MOORESVILLE, N.C. -- Colin Fambrough spent much of Tuesday evening showing off the large championship ring he earned last year as part of Brad Keselowski's pit crew.


Had it not been for the NASCAR Technical Institute, he probably wouldn't have it.


"I wouldn't be where I am without this place," said the 2005 NTI graduate. "It offered really good options for me. I was able to tell my parents, 'Look -- if the NASCAR thing doesn't work out, I've got all this training to go into a manufacturer program, and I can go to work for Ford or BMW or something like that.' So it gave me a viable career path if racing didn't work out. Fortunately for me, racing did work out."


Fambrough is hardly alone there. The No. 2 team's rear tire changer was one of several graduates gathered to celebrate the 10 years of the NASCAR Technical Institute, which has placed more than 5,000 of its former students in the automotive and motorsports industries since opening its doors a decade ago in a partnership between NASCAR and Universal Technical Institute.
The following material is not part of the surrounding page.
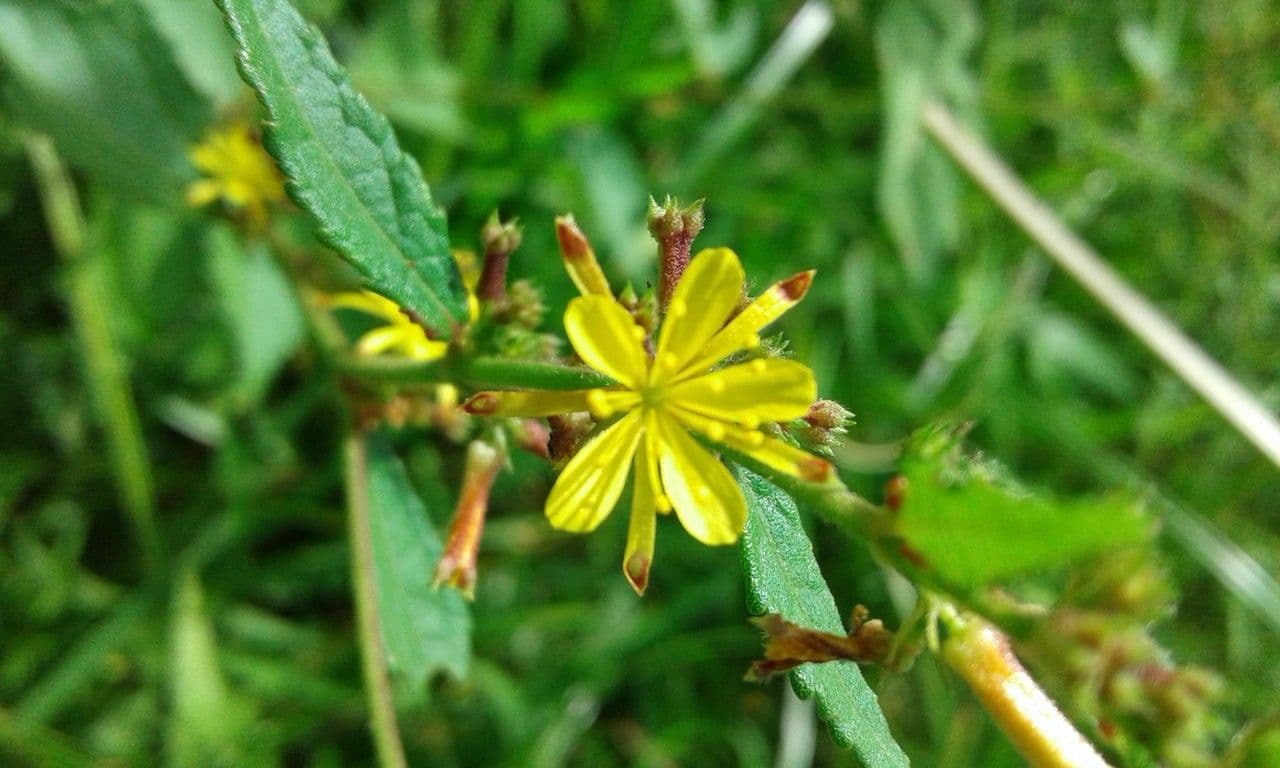 Triumfetta rhomboidea 7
"It's one of our best-kept secrets, almost, that people go up and down Interstate 77 and they see NTI on the side of the building," said NASCAR President Mike Helton. "But until you get inside and really see what UTI has made out of NASCAR Technical Institute, and now the heritage that it's built -- it's one of our best-kept secrets in some regard. The race shops, the race teams, the automotive peripheral businesses that complement NASCAR's motorsports efforts, certainly have recognized NTI as a place to go for resources when it comes to employees and everything."


NTI opened in 2002 as a joint effort between NASCAR and Arizona-based UTI, which operates 11 different technical campuses across the U.S. The 146,000-square-foot campus sits in the heart of racing country, in the same business park as race shops like JR Motorsports and Red Horse Racing. In August of 2003, it produced its first graduating class, and a week later had its first graduate find a job in the NASCAR industry, with the engine shop at Robert Yates Racing.


Tuesday brought together graduates, instructors, executives of UTI and NASCAR, and even drivers like Joey Logano and Sam Hornish Jr. to help celebrate the facility's first 10 years. "We owe a debt of gratitude to NASCAR," said John White, UTI's chairman of the board, "for partnering with us in creating a first-class educational facility that provides a broad-based automotive background."


Notable NTI alumni include Katy Renard, a 2005 graduate who now works as NASCAR's chassis pre-certification manager; Daniel Smith, a 2004 graduate who is now the rear tire changer on Tony Stewart's No. 14 car; and Fambrough, a native of Tyler, Texas, who became hooked on NASCAR after attending the summer 400-miler at Daytona International Speedway in 1999, and decided to attend NTI after seeing a commercial for the school on television.


Tuesday night at NTI, Fambrough was able to brandish a NASCAR Sprint Cup Series championship ring he won last year as part of Keselowski's over-the-wall crew at Penske Racing. Would he have one without the other? "No. Absolutely not. No way," he said. "I absolutely would not have this opportunity. I know there are some people who have connections who can get in other ways. I came up here and didn't know anybody. I hadn't even met my roommate at the time -- I met him on Craigslist or something ?. I met him when I got up here, and then I knew the representative from the school I had spoken with. That was it."


For Fambrough and many others, NTI has provided an entry point. Just as important, Helton said, is the base of skilled labor the institute provides the NASCAR and automotive industries. Long gone are the days when race teams scoured the likes of service stations and automobile dealerships looking for mechanics with the potential to work on race cars.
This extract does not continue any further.